Moisture from inside on the exterior walls is what you are talking about right? That would most likely be from warm air escaping through holes in your walls, right? Would keeping your house in the upper 60's instead of the mid-70's make a ton if difference? Over time, ok, yes, but on a rare really cold day, I have a hard time believing that a 68 degree temperature differential would behave a whole lot different than a 74 degree temperature differential with this respect (mold).

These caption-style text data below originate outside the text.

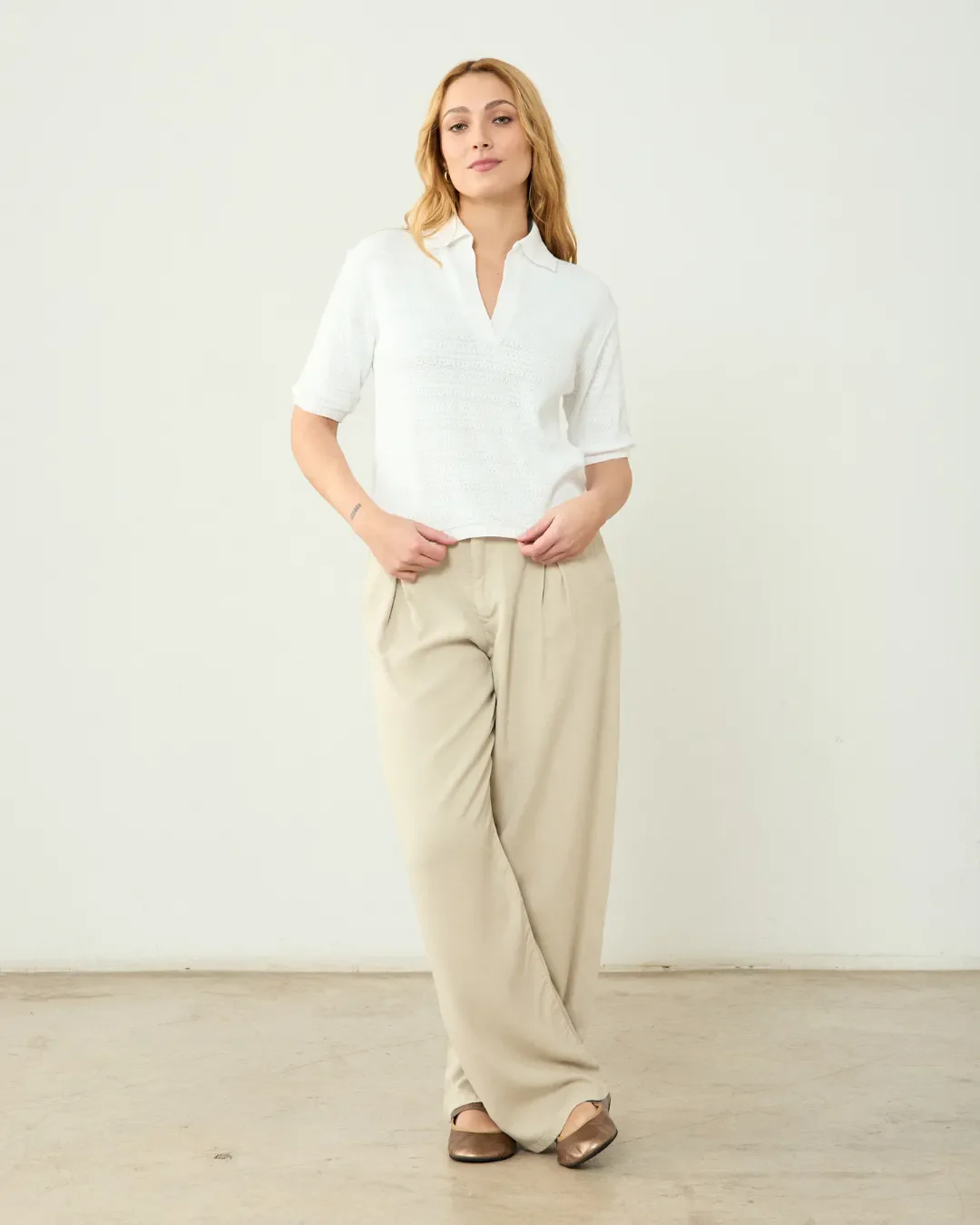 Pantalón Joana Beige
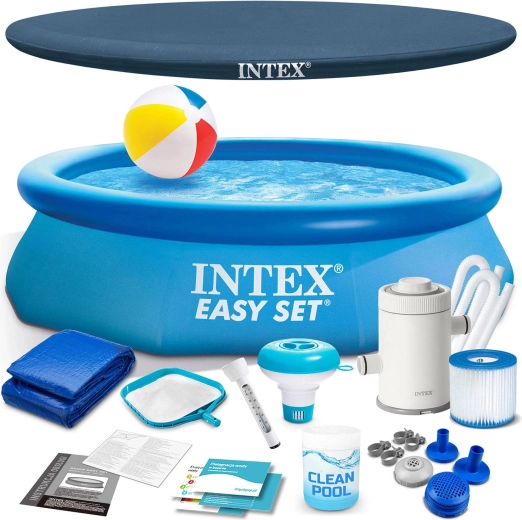 Samonosný zahradní bazén 305 × 76 cm set 16v1 INTEX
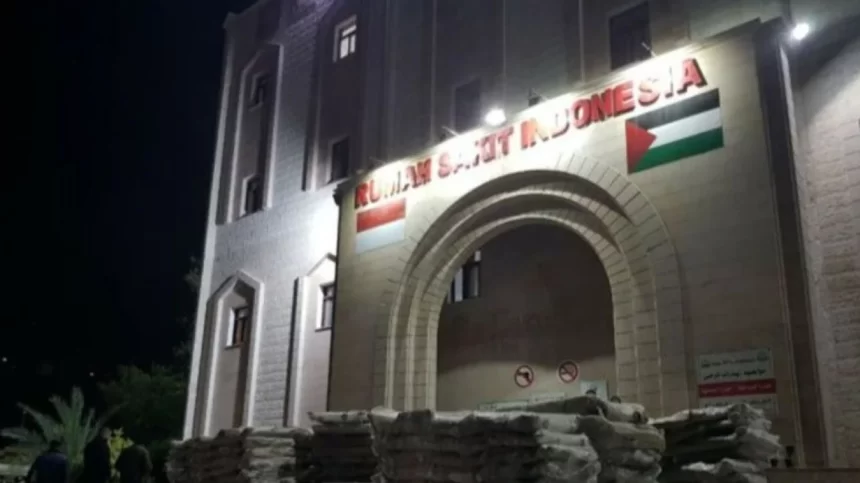 Tiga Relawan WNI Hilang Usai Gempuran Tentara Israel di Rumah Sakit Indonesia di Gaza Palestina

Now how do you keep your hot air from escaping through your walls... hmm... I guess you'd need to turn your house into a vacuum somehow (so cold dry air comes in instead if cold moist air forcing out through those holes in your walls). Hmm... What would work well to make a house a vacuum? I know! A good old fashioned fireplace with no outdoor air intake! :)

Toast that fire!

(The colder it is outside, the hotter I like the fire room. It makes those rare trips outside bearable, and seems to kill any cabin fever from staying inside.)

Did I get this post right?
 
Lopiliberty, that's a real nice picture of your stove! You must of cleaned before? It sure gets to be a mess around my stove especially when it's cold and I haven't vacuumed in a few days. I have flopsum and gepsum all over then. (Wood bits and ash)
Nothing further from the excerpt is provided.